Four workers were injured after the blast at the Fukushima Daiichi plant, Chief Cabinet Secretary Yukio Edano told reporters. It was not immediately clear where the blast occurred inside the plant, or what caused it.
The roof of a reactor at the plant collapsed following the explosion around 3:30 p.m. (1:30 a.m. ET), Japan's Kyodo News Agency reported, citing Tokyo Electric Power Company.
One expert said the explosion was "clearly a serious situation," but may not be related to problems inside the plant's nuclear reactor.
Other effects of the tsunami may have caused the blast, said Malcolm Grimston, associate fellow for energy, environment and development at London's Chatham House.
"It's clearly a serious situation, but that in itself does not necessarily mean major (nuclear) contamination," he said.
Japanese public broadcaster NHK said the injured workers were in the process of cooling a nuclear reactor at the plant by injecting water into its core.
The Fukushima prefecture government said hourly radiation levels at the plant had reached levels allowable for ordinary people over the course of a year, Kyodo reported.
Earlier Saturday Japan's nuclear agency said workers were continuing efforts to cool fuel rods at the plant after a small amount of radioactive material escaped into the air.
The agency said there was a strong possibility that the radioactive cesium monitors detected was caused by the melting of a fuel rod at the plant, adding that engineers were continuing to cool the fuel rods by pumping water around them.
Cesium is a byproduct of the nuclear fission process that occurs in nuclear plants.
A spokesman for Japan's Nuclear and Industrial Agency earlier said atomic material had seeped out of one of the five nuclear reactors at the Daiichi plant, located about 160 miles north of Tokyo.
Death toll grows
Rescuers plucked dazed survivors from collapsed homes, muddy waters and raging fires Saturday, a day after a powerful earthquake tore through northeastern Japan and unleashed waves that swallowed entire neighborhoods along the coast.

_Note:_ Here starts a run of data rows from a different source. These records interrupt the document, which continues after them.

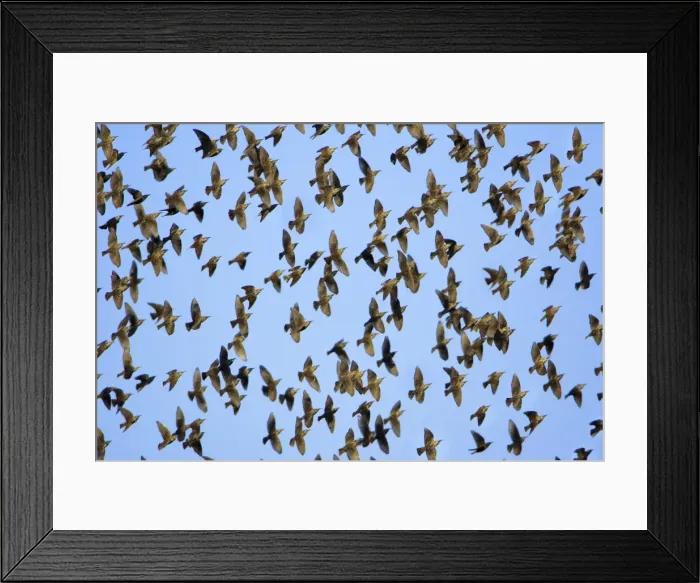 Framed Print : Starlings-Flock in flight, autumn Lower Saxony, Germany Framed Print : Starlings-Flock in flight, autumn Lower Saxony, Germany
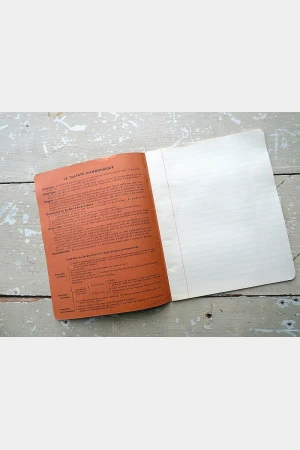 Frans schrift "Un Chant d'Alouette"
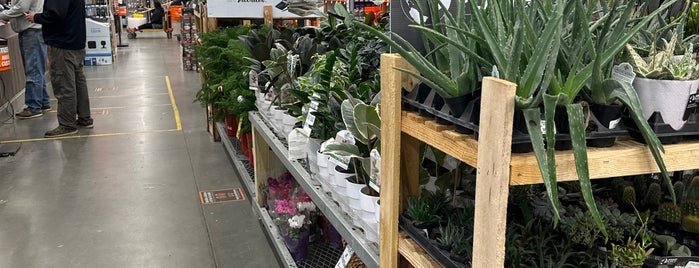The Home Depot is one of FAVORITE PLACES!!!!!!!  <3.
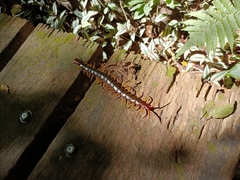Scolopendra subspinipes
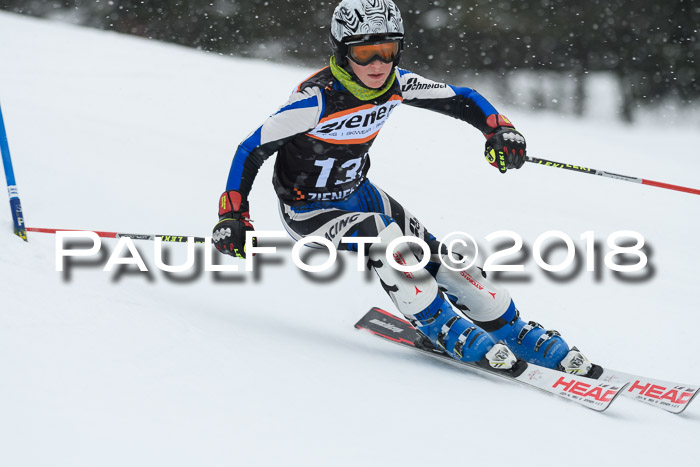 4. Ziener Cup WF, 25.02.2018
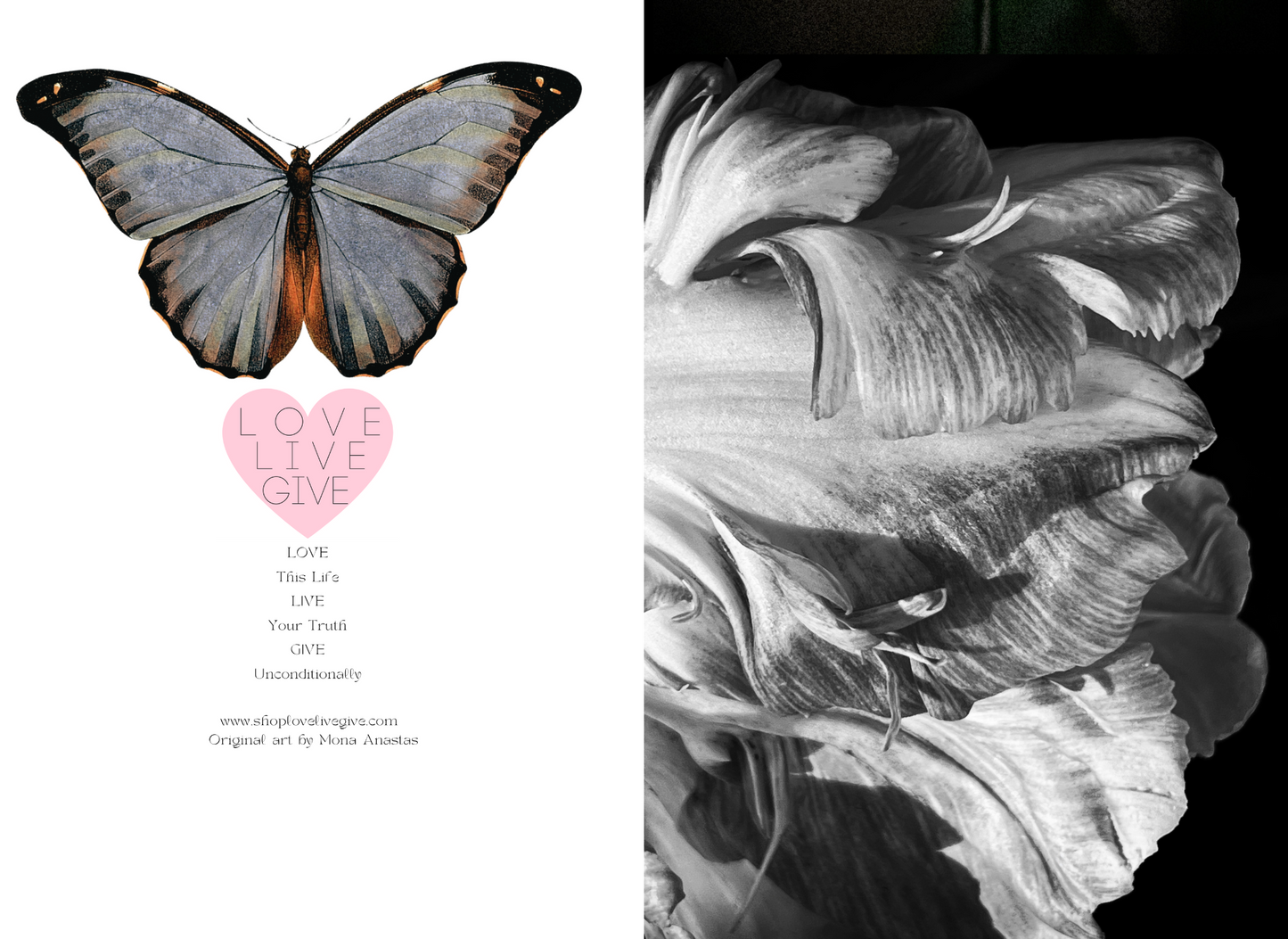 Open Tulip in Black and White Journal: Art by Mona Anastas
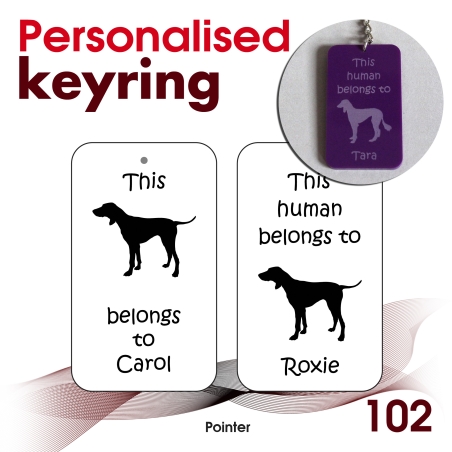 102 - Pointer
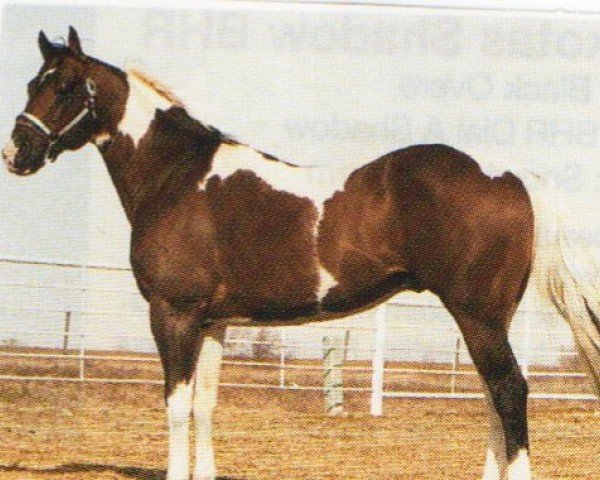 stallion Easy Jet Too (Quarter Horse, 1981, from Easy Jet)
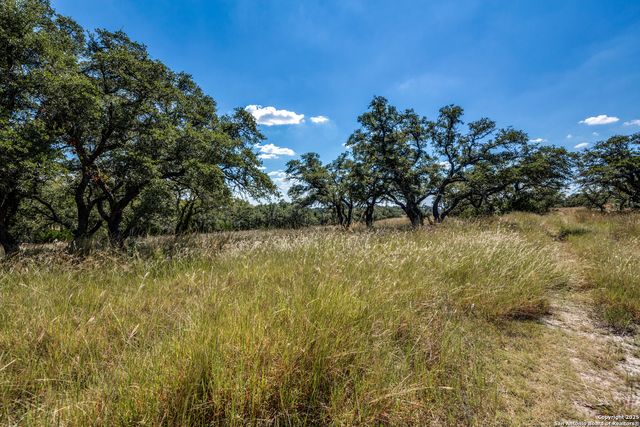 190 Fallen Acorn, Blanco, TX 78606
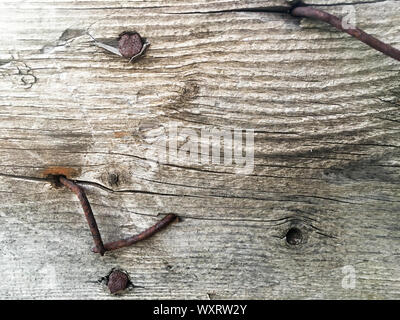 Une planche en bois avec des clous en fer vieux courbé. La texture du bois. Vue de dessus. Banque D'Images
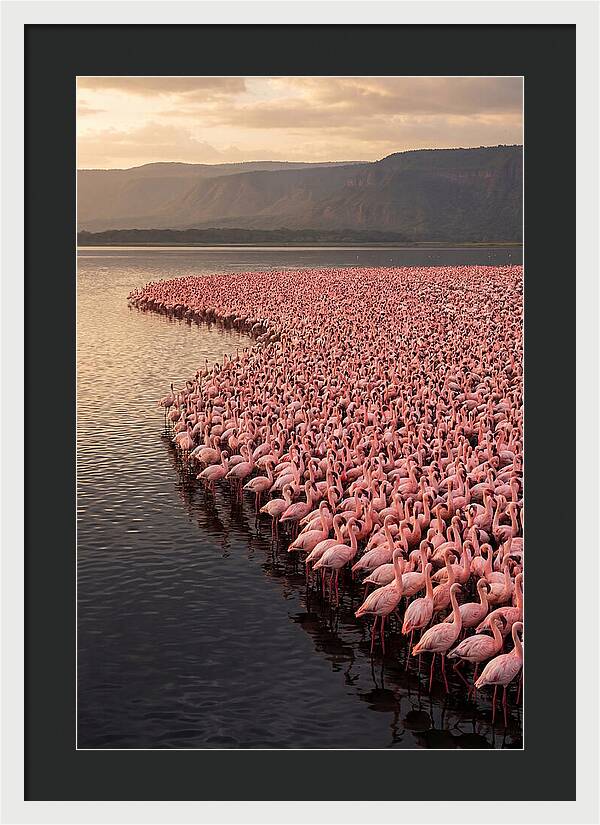 Lake Nakuru Flamingo Gathering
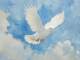 On the Wings of a Dove - Drum Backing Track - Johnny Brady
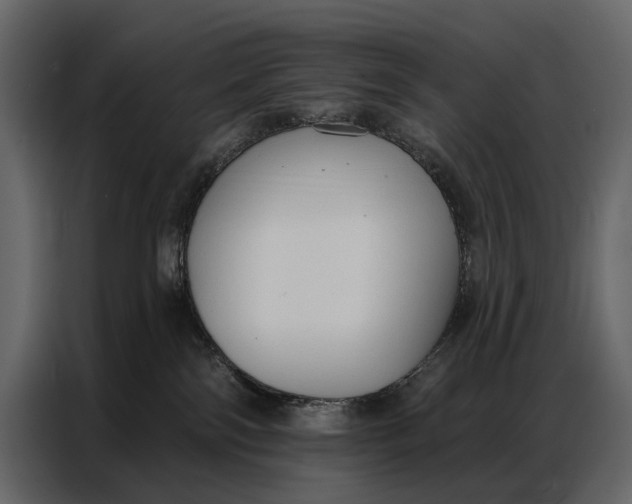 X0000086880138200705071210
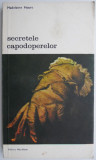 Secretele capodoperelor &ndash; Madeleine Hours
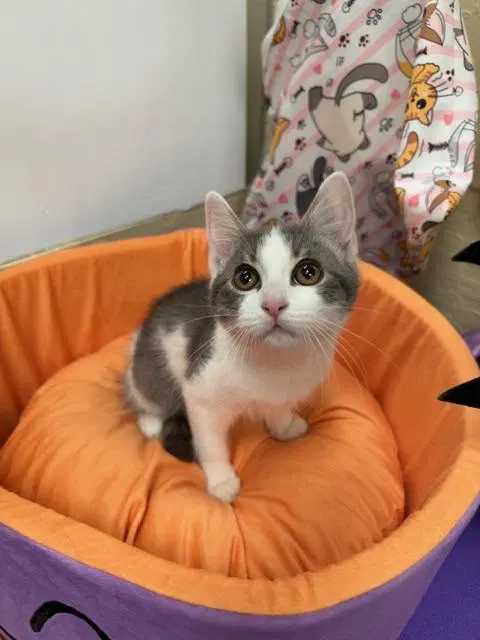 Kitten, photo 3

More than 900 were killed and about 700 were missing, Japanese public broadcaster NHK reported. The number of dead is expected to go up as rescuers reach more hard-hit areas.
The 8.9-magnitude quake was centered about 80 miles from Sendai, a farming region already battling youth population losses to big cities, leaving aging residents struggling to keep up with the global economy.
In the nearby city of Shirakawa, rescuers dug through rubble with shovels to try and reach 13 neighbors trapped when the earth opened up and swallowed their homes.
The original quake struck Friday and was centered 230 miles northeast of Tokyo -- and left towns and villages along the northeastern coast devastated. Scores of aftershocks followed Saturday.
"The earth shook with such ferocity," said Andy Clark, who experienced the main earthquake at the airport outside Tokyo.
"I thought things were coming to an end ... it was simply terrifying."